An innovative take on the classic Cobb Salad that uses all three variants of Nola mayonnaise to create a light, elegant and delicious starter.

Tomato Gel
4 large tomatoes
1 medium sized cucumber
1 cup Nola Reduced Oil Salad Dressing
½ cup vodka
Pinch salt and black pepper
1 teaspoon gelatine powder

  • Place all the ingredients except the gelatine powder into a food processor and blend until it forms a puré Pour the purée into a sieve lined with a cloth or filter, and place in the fridge for 4 hours to drip through to form consommé.
  • Place the gelatine into a small bowl with 1 tablespoon water and 1 tablespoon of the tomato consommé. Allow the gelatine to absorb the moisture.
  • Place the bowl of gelatine into a large bowl of hot water, stirring constantly until the gelatine dissolves into a smooth clear liquid. Whisk the gelatine into the tomato consommé and pour into a tray lined with plastic wrap. Set in the fridge overnight.
  • When ready to use, peel the jelly away from the plastic and blend until smooth. Place it into a disposable piping bag or squeeze bottle.

Olive Crumb
100g Kalamata olives stoned
1 cup olive oil
1 ½ cups tapioca flour

  • Place the stoned olives and oil in a food processor. Blend until it forms a fairly loose paste.
  • Strain through a fine mesh sieve into a mixing bowl and add the tapioca flour. Whisk very well until it starts to form a crumb-like texture – if it is still too wet add more tapioca flour.
  • Cover and store at room temperature or in the freezer

Carrot or Beetroot Powder
2 medium sized carrots or beetroot

  • Preheat your oven to 80°C and prepare a tray with non-stick spray. Boil the vegetables in salted water until soft, then cool in water. Slice finely with a mandolin or vegetable peeler.
  • Place slices onto the greased tray and leave in the oven for 24 hours, until very dry/crisp.
  • Once fully dehydrated place into a coffee grinder or food processor and blend until it forms a powder. Pass through a sieve, then cover well and store at room temperature until use.

Cheese Crisp
1 cup grated white cheddar
¼ cup Nola Ultra Creamy

  • Preheat your oven to 180°C. Mix your grated cheese and Nola Ultra Creamy well before spreading evenly onto a well-greased oven tray. Place into the oven and let it bake until the cheese has melted and started to take on a brown colour.
  • Remove from the oven and peel away from the tray. Set aside and allow crisp to cool.
  • Once cooled break into shards and store in a well-covered container at room temperature.

Feta Mousse
½ cup Nola Original
40 g soft feta
½ cup cream

  • Place the feta and Nola Original into a bowl and whisk until smooth.
  • In a separate bowl whisk the cream until it forms soft peaks. Fold the cream into the feta and mayo mixture.
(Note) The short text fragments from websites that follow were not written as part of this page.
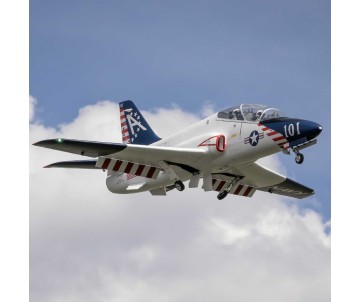 Hanger 9 Hawk 140-160N ARF with Retract Set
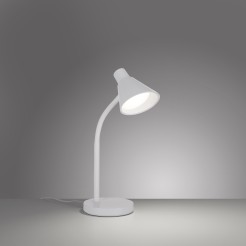 11248-16 PIXIE LAMPA STOŁOWA BIAŁY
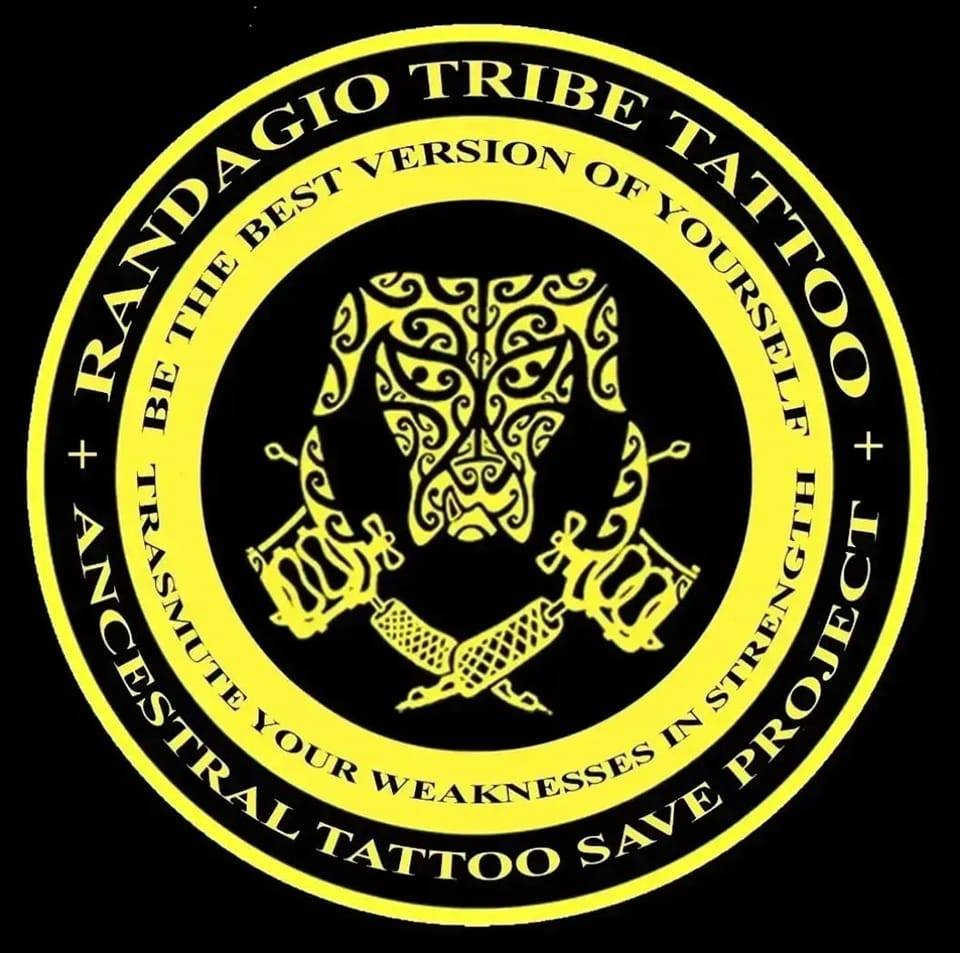Randagio Tribe Tattoo by Simone Randagio Guest in the Nederlands at ...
Place into a squeeze bottle. Store in the fridge until ready for use.

Roast Chicken Breast
½ cup Nola Reduced Oil Salad Dressing
2 chicken breasts skin on
½ lemon
2 tablespoons oil
Salt to taste
Black pepper to taste

  • Preheat oven to 180°C. Remove the skin from the chicken and place onto a separate greased tray, season and roast until golden brown and crisp.
  • Lay the breasts onto an oven tray and squeeze the lemon juice over the chicken. Then, place all other ingredients onto the chicken, mixing and massaging into the meat.
  • Place into the oven and roast for 15-20 minutes until fully cooked, then remove from oven and allow to rest before breaking into large chunks and folding into roasting juices.

Cured Egg Yolks
4 large egg yolks, whole
300 ml flavoured oil or herb oil
¼ cup vodka
½ teaspoon salt

  • Place the vodka, salt and oil into a small to medium sized bowl and whisk well.
  • Place the egg yolks carefully into the curing liquid, making sure that they are fully submerged in the liquid. Cover and store in the fridge overnight.

Assembly

  • On your plate, dust your powder into a circle using a ring cutter. Dot your plate with the feta mousse around your powder, then place a mayo crisp in each dot of mousse. Pack your shredded chicken around the powder.
  • Lay torn pieces of washed lettuce leaves onto the chicken breast. Dot the plate with the tomato gel and spoon your olive crumb over and around the chicken.
  • Finally, carefully remove the cured egg yolk from the curing liquid using a teaspoon and gently place down onto the dust. Serve immediately.

About Eoin Shiell

The 33-year-old Chef Eoin Shiell is a chef lecturer at Capsicum Culinary Studio Pretoria. “My interest in food was piqued when I was a kid watching my father and Bobba in the kitchen. When I was about 14 years old, I started working in restaurant kitchens for free every Friday and Saturday evening as well as my school holidays until I finished Matric.” After he finished his studies, he worked at a number of different establishments including the Lombardy Boutique Hotel & Conference Venue, where he rose up the ranks to Executive Head Chef at 26, before moving into the retail side of cheffing at Food Lovers Market and then opened his own private catering and consultancy company. “I joined Capsicum in 2017 as a Lecturer, and even though I am no longer behind the stove or running a pass, I am really finding lecturing to be very fulfilling and rewarding,” he says.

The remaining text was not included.